Nonostante, però, che si possa o meno aver raggiunto tali stadi di coscienza esistenziale, non sarà comunque mai eludibile l’interrogarsi se esista ancora un senso e una validità ad essere filosofi e, nello sviluppare stringenti ragionamenti su tale quesito, unica via di pace e di conforto la si potrà ricercare e trovare nella asseverazione che, fino a quando sarà doveroso e necessario anteporre il pensiero di giudizio alle azioni effettuali, il filosofo avrà insostituibile ragion d’essere e inconfutabile diritto di cittadinanza pur nelle società contemporanee.

Eppure il mio animo non è del tutto sereno e appagato.
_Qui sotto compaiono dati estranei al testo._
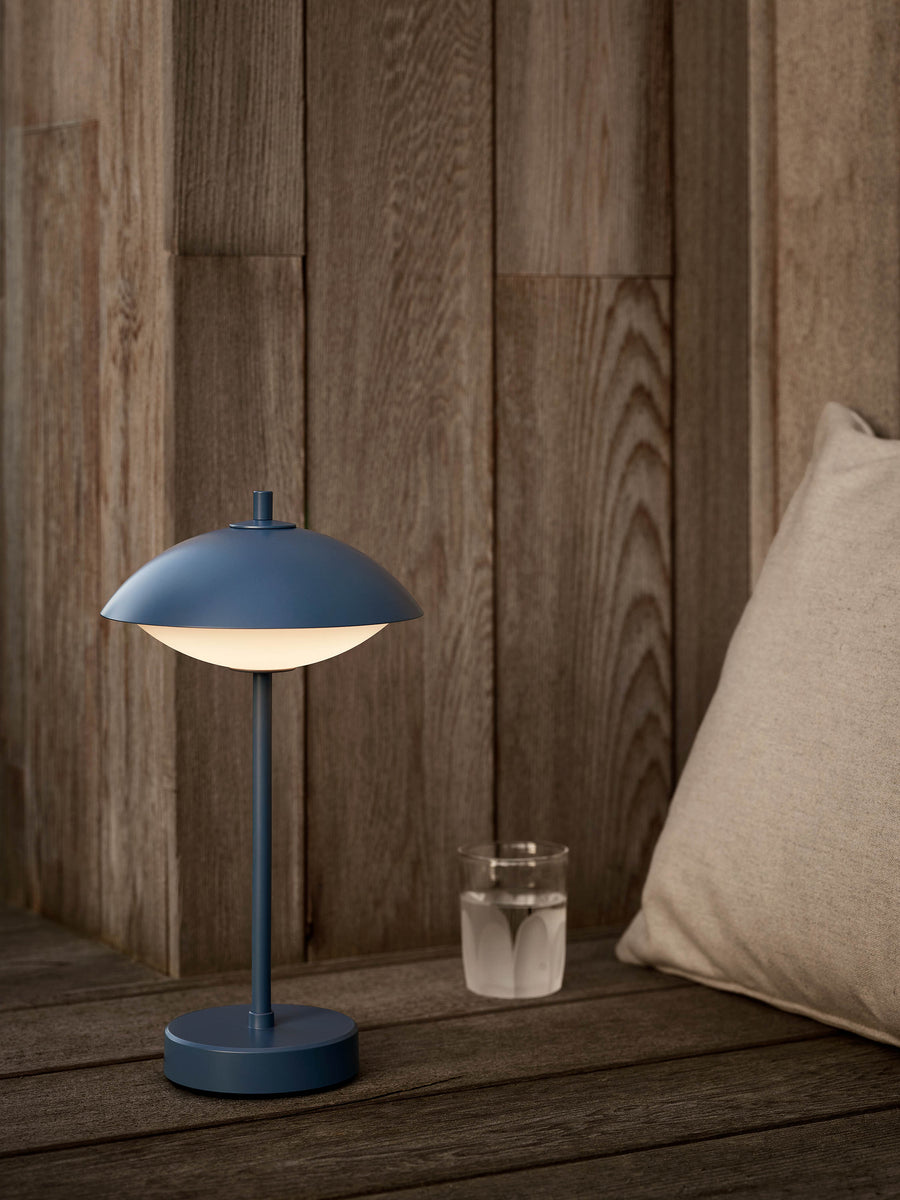 Clam Portable Lamp - Dusk Blue – Cult - Design First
Anzi, è pervaso da un sottile tormento frammisto di ambascia e preoccupazione. Come si fa, infatti, a non essere preoccupati per il fosco quadro internazionale dominato da tensioni mai sopite e da diffusi teatri di belligeranza alimentati da governanti cinici e spietati? Non è forse fonte di ansia e preoccupazione il constatare come i tre angoli retti, su cui dovrebbe fondarsi una sana e virtuosa politica nazionale, siano sull’orlo di trasformarsi, per avventata brama di potere di uno solo al comando, in un fatale “Triangolo delle Bermude” al cui interno, sciaguratamente, venti procellosi e acque tempestose risucchiano nel nulla anche l’imbarcazione la più solida e resistente?
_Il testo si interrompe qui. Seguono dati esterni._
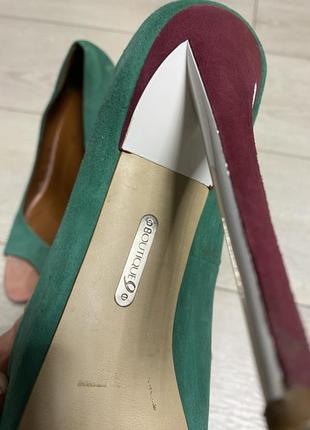 Туфли на шпильке с открытым носом3 фото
Dove andare, dunque, alla ricerca delle radici del male? In nessun’altra direzione se non in quella dell’arrogante supponenza del Presidente del Consiglio temporaneamente in carica, autoproclamatosi come l’uomo più intelligente di ogni altro, e che, in ragione di ciò, non intende prestare ascolto e concedere udienza a spiriti illuminati e di riconosciuta saggezza. Non così si governa un popolo e, alla lunga, il mancato ascolto e la negata udienza si tramutano in comportamenti sempre più insopportabili e, su molteplici versanti, in atteggiamenti perfino scandalosi e umilianti.

La politica è impegno disinteressato, rispetto democratico delle diversità, felice abnegazione al bene comune, permanente profusione di energie in spirito di servizio, vissuta passione. Passione non soltanto come trasporto sentimentale, ma anche nel senso strettamente etimologico della parola che, derivando dal verbo latino “patior, passus sum, pati”, assume pure il significato di sofferenza.
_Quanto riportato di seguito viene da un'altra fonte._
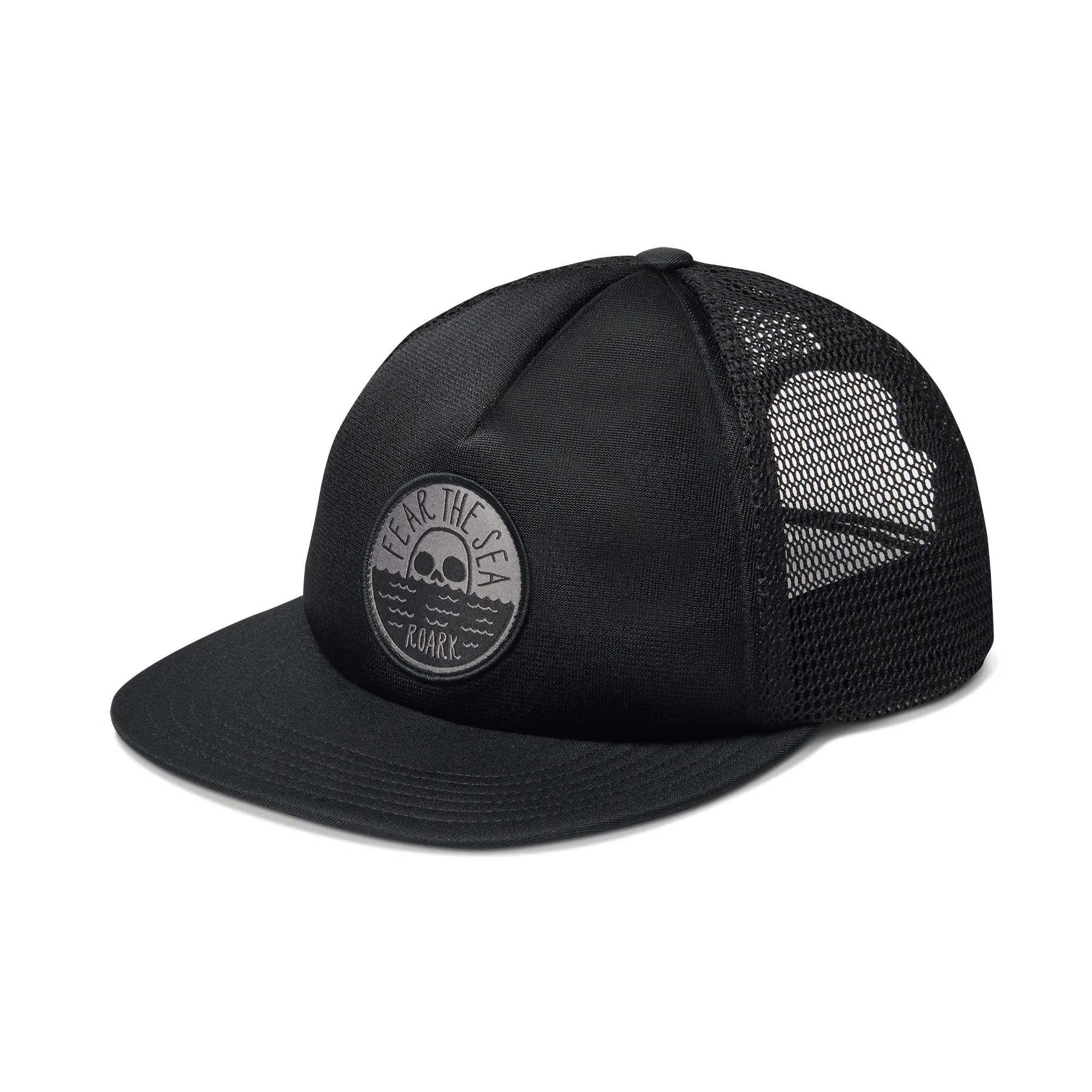 Fear The Sea Trucker Snapback Hat - Black sold by Roark product image thumbnail 3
E’ la stessa sofferenza che Vi sto manifestando in piena libertà di coscienza e se, nel dispiegarsi della storia, la pagana terra promessa di Zenone è recintata dalla logica, alberizzata dalla fisica e resa fruttifera dall’etica, allora e solo allora, rasserenato e cristiano più che mai, mi potrò seraficamente rivolgere e chiedere ausilio a quella porzione stoica che è in me.